I’ve been painting my flat which has rather taken me away from writing. I picked out muted kind of pistacchio green, a little paler than a good gelato, for the walls and think it looks fab. There’s a persian rug on the floor, with a dark wine like colour pattern, not exactly wine, more of a dark blood shade perhaps. The two colours look surprisingly good together and better than they sound since running through my head and maybe yours too is the maxim ‘red and green should never be seen’. If you’re a designer (or google ‘colour theory’) however, you’ll know red and green are complementary.
This got me to thinking that maybe it’s the maxim itself that creates a reality – as far as anything so subjective as colour choice can be ‘real.’* It is just a silly little rhyme but it takes the aphorism beyond the merits of its argument and makes it memorable and is actually quite powerful.
That kind of rhetoric – like the kind that attempts superlatives and questions and other known devices may be easy to spot, and more or less effective depending on how skillfully it’s done. There is another kind though – the kind that tries to pretend it’s not rhetoric and I find that dishonest.
One of the worst offenders I think is academic style.

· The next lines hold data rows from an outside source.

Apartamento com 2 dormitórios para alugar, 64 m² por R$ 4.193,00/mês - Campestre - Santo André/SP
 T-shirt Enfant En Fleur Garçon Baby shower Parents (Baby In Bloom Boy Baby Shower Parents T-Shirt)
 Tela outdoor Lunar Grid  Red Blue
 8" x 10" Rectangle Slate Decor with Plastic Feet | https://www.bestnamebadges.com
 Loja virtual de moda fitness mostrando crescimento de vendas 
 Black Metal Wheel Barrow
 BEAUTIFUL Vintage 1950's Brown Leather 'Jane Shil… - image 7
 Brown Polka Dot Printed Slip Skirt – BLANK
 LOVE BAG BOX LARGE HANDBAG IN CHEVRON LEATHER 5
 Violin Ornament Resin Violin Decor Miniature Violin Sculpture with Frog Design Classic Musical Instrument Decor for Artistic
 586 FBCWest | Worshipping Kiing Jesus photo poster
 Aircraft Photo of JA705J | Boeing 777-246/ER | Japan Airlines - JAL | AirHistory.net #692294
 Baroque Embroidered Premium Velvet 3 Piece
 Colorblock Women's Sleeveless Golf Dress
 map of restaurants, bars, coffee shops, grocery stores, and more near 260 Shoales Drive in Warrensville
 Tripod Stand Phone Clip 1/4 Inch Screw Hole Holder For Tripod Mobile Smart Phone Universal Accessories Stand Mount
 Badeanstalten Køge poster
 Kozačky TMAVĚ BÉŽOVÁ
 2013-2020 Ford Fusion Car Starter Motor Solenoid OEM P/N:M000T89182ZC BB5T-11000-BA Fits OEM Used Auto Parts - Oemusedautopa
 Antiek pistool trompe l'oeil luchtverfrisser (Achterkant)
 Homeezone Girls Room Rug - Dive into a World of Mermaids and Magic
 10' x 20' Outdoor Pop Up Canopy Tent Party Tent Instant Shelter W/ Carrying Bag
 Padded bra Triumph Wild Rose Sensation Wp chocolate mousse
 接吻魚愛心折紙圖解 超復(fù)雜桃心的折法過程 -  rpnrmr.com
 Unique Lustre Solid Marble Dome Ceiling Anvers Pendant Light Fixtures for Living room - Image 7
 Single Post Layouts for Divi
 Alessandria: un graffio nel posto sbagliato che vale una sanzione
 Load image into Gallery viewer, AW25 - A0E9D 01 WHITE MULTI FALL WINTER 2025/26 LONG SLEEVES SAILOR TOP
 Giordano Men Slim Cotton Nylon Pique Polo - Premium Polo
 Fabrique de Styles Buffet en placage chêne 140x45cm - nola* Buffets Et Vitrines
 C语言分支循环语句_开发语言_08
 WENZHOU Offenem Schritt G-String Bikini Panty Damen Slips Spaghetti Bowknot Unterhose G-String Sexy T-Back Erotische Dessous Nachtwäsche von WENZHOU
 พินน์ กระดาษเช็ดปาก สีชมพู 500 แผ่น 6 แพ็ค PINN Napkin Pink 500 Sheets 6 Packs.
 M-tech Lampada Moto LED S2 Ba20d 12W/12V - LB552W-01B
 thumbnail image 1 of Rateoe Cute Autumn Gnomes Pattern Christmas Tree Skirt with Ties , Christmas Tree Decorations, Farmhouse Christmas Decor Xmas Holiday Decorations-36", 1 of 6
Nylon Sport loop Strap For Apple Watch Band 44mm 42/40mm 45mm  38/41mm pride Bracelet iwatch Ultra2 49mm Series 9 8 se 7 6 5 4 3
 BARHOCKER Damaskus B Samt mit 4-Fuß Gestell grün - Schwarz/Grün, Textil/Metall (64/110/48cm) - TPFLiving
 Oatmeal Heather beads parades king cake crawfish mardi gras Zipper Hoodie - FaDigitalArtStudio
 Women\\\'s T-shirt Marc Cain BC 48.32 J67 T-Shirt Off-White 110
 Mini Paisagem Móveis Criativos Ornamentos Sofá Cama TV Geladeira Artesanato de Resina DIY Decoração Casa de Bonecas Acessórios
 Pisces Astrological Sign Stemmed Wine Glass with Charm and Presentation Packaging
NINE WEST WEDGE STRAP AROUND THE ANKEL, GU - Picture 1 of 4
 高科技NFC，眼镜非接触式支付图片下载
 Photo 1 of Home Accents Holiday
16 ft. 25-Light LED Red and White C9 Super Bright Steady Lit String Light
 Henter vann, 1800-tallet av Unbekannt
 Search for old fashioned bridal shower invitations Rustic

The third person tense, the polysyllabic words, the sentences that run on and on and on for paragraphs. They try so very hard to convey a measured pitch that will suggest to the reader that the argument is balanced and impersonal and grounded in pure reason. As if. This style is no less a naked attempt on the readers’ emotions than that made by the reddest of red tops.
Choosing your words to induce a calm and reflective mood so your reader will nod along is no less rhetorical than lathering them up like the Daily Hate.
*I know, theory dictates that words are somewhat arbitrarily attached to reality and meaning for one person isn’t the same as for another. Do you mind if we skip that argument for now: this is about persuasion, rather than the representation or construction of reality?